Degli oltre 130 miliardi di euro che costituiscono il fatturato del
2009 delle maggiori organizzazioni criminali italiane, 7 e mezzo
derivano dall’agricoltura. Almeno il 30 per cento di questa cifra
arricchisce la camorra. E non basta. Altri 500 milioni di euro sono il
provento della vendita del pane prodotto nei 2500 forni abusivi; almeno
200 milioni derivano dal controllo dei due maggiori mercati ittici,
Pozzuoli e Mugnano. Il controllo dei macelli illegali frutta 75 milioni
di euro, nell’ordine delle centinaia di milioni il fatturato della
distribuzione di carni (bovine e suine) nelle catene dei discount. Non
sfugge il latte: 0,5 centesimi di maggiorazione per ogni busta
prodotta, sovrapprezzo imposto dal monopolio del trasporto su gomma.
Sulla frutta e gli ortaggi incide per almeno 10 centesimi al chilo.
Le indagini fatte sul mercato ortofrutticolo di Fondi, il Mof, secondo in Europa dopo quello di Parigi
e forte di un fatturato di 800 milioni di euro all’anno, consentono di
quantificare, sia pure in maniera induttiva, il contributo
inconsapevole che ogni consumatore dà all’economia criminale. I conti
sono stati fatti anche dalle associazioni di categoria che stanno
appoggiando la nascita di punti vendita a «chilometro zero».
La lunga catena che va dal produttore al consumatore fa lievitare i
costi anche del 500 per cento (è il caso delle mele): il 20 per cento
va al produttore, il 40 ai commercianti, l’altro 40 agli intermediari,
tra i quali i trasportatori. Le indagini della Dia di Roma prima, della
Squadra mobile di Caserta poi, hanno portato alla luce – oltre alle
attività strettamente criminali del clan dei Casalesi e dei soci
siciliani – anche le cause del maggior costo al consumo: il regime di
monopolio del trasporto, del package, della distribuzione nelle catene
dei supermercati.
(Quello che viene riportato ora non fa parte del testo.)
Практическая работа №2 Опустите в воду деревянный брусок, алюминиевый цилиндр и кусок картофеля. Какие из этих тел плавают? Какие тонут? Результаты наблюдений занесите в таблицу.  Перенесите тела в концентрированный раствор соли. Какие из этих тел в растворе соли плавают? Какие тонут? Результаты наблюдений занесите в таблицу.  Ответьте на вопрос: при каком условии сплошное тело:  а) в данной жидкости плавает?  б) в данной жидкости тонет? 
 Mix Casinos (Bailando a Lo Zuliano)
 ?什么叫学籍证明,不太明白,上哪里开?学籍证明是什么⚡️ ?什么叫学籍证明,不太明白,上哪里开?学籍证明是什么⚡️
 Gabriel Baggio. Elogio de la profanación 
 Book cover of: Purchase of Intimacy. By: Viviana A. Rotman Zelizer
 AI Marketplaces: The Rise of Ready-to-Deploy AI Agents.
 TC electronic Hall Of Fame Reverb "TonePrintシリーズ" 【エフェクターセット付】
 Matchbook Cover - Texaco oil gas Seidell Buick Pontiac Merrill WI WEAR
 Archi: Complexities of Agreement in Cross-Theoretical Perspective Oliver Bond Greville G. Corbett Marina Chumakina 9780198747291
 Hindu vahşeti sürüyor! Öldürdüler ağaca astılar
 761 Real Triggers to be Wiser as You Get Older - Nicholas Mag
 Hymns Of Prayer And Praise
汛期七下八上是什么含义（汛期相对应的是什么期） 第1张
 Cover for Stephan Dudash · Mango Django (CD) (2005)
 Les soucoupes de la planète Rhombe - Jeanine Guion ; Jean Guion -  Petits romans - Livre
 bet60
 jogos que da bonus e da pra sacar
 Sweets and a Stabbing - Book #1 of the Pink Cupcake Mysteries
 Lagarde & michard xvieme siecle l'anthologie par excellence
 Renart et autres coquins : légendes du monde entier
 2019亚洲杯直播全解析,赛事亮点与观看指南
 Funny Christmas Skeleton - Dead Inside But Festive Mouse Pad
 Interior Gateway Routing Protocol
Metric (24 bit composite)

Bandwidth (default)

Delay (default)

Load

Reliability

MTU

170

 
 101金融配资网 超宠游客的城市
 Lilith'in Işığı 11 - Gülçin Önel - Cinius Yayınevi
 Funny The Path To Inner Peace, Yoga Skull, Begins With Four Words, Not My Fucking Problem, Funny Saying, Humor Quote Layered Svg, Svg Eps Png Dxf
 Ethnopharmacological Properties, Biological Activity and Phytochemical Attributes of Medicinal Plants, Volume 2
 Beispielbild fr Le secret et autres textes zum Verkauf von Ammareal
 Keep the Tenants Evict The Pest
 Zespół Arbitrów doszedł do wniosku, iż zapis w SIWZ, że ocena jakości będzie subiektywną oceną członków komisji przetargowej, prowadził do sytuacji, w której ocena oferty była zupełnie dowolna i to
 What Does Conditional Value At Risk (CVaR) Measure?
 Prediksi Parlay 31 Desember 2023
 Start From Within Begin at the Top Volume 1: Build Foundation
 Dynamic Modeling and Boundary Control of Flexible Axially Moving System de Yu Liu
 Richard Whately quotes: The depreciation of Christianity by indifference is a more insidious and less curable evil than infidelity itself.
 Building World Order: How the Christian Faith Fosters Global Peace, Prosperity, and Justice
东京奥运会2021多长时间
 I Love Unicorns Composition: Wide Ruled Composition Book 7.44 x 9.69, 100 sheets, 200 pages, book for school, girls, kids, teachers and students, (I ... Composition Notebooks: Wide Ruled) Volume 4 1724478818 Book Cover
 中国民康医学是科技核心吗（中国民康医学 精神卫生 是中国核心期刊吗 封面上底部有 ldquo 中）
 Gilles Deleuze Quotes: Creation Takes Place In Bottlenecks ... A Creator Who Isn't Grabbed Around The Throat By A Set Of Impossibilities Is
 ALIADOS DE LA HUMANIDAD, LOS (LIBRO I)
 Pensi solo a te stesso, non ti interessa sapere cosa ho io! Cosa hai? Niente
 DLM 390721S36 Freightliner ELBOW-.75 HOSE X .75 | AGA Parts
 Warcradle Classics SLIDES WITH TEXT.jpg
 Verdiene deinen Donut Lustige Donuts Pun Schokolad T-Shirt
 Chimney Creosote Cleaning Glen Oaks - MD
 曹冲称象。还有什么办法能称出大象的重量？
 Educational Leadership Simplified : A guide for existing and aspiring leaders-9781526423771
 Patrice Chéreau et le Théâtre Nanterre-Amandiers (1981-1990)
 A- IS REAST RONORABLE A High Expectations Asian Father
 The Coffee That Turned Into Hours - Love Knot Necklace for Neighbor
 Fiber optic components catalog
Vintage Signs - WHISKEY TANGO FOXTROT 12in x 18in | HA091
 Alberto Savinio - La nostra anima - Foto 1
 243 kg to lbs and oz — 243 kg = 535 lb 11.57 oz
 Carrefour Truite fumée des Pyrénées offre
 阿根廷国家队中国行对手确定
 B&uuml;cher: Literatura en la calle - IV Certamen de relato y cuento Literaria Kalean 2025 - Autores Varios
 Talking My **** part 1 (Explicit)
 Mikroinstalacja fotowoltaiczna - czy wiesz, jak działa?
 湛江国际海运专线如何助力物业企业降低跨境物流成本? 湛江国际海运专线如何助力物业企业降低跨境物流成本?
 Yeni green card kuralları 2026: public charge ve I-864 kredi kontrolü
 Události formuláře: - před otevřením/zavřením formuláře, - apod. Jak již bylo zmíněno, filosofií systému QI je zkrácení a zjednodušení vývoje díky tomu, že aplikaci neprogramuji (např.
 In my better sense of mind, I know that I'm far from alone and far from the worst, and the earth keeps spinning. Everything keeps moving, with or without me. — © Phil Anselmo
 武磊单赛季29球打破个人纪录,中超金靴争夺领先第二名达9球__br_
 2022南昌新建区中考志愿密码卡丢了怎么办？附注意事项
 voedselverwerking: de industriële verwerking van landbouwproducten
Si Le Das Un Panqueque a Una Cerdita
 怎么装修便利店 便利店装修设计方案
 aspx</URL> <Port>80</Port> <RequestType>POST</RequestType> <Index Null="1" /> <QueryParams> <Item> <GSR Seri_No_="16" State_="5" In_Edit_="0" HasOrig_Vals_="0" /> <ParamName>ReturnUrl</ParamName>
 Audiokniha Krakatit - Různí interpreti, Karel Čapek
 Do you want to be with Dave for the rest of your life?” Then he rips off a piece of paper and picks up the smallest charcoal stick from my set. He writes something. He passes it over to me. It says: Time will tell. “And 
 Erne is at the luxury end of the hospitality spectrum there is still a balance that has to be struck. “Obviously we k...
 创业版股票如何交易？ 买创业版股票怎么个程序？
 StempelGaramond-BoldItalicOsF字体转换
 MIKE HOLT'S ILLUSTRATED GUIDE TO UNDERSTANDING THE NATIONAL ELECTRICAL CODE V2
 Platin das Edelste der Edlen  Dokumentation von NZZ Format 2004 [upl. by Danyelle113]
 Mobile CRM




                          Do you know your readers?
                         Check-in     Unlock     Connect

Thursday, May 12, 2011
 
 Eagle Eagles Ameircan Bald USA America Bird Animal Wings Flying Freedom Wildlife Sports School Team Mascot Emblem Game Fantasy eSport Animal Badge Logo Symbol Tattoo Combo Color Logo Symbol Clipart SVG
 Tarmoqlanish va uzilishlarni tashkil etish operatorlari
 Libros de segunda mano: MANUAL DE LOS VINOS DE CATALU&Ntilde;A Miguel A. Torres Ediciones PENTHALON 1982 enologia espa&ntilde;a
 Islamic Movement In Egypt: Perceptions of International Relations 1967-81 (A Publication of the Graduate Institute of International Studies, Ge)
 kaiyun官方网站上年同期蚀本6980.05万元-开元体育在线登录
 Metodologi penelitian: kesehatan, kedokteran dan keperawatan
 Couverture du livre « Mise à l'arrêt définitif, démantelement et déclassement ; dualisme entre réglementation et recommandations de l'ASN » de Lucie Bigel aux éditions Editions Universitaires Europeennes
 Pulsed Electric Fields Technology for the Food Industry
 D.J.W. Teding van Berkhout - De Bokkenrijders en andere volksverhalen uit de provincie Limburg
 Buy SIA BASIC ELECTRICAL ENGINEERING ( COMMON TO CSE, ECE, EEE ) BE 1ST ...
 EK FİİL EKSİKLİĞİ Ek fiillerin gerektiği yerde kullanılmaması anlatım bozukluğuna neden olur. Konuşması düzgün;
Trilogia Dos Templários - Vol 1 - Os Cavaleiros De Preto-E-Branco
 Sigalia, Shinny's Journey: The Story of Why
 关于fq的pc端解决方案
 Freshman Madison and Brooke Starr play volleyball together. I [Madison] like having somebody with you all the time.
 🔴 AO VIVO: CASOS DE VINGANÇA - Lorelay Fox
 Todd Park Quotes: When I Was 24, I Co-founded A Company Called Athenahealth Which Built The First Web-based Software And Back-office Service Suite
E se queste sono maggiorazioni che pesano
esclusivamente sul bilancio delle famiglie e sul libero mercato, c’è da
considerare che dal comparto agroalimentare la camorra lucra due volte.
Per esempio, attraverso le frodi e le truffe-carosello, strumento che
consente l’evasione dell’Iva. È una frode quella che interessa il
mercato della mozzarella di bufala campana Dop. Accanto alle
eccellenze, sul mercato finisce anche un prodotto fatto con latte
proveniente dalla Romania, dalla Bulgaria, dalla Bolivia o dall’India:
latte in polvere o cagliata congelata utilizzato spesso per mozzarella
destinata alle catene di discount. Il consumatore paga un prodotto di
scarso valore commerciale, il ricavato si traduce in guadagno quasi
totale. Per la camorra, naturalmente.